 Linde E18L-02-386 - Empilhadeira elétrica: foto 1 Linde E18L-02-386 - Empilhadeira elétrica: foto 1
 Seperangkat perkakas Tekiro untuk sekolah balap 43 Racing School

--

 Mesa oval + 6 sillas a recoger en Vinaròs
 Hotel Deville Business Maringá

--

### Exercise instructions
Each line above from the one with "Linde E18L-02-386 - Empilhadeira elétrica: foto 1 Linde" up to and including the one with "Seperangkat perkakas Tekiro" must be set down exactly, and no line outside that span may appear.

### Reply to the exercise
 Linde E18L-02-386 - Empilhadeira elétrica: foto 1 Linde E18L-02-386 - Empilhadeira elétrica: foto 1
 Seperangkat perkakas Tekiro untuk sekolah balap 43 Racing School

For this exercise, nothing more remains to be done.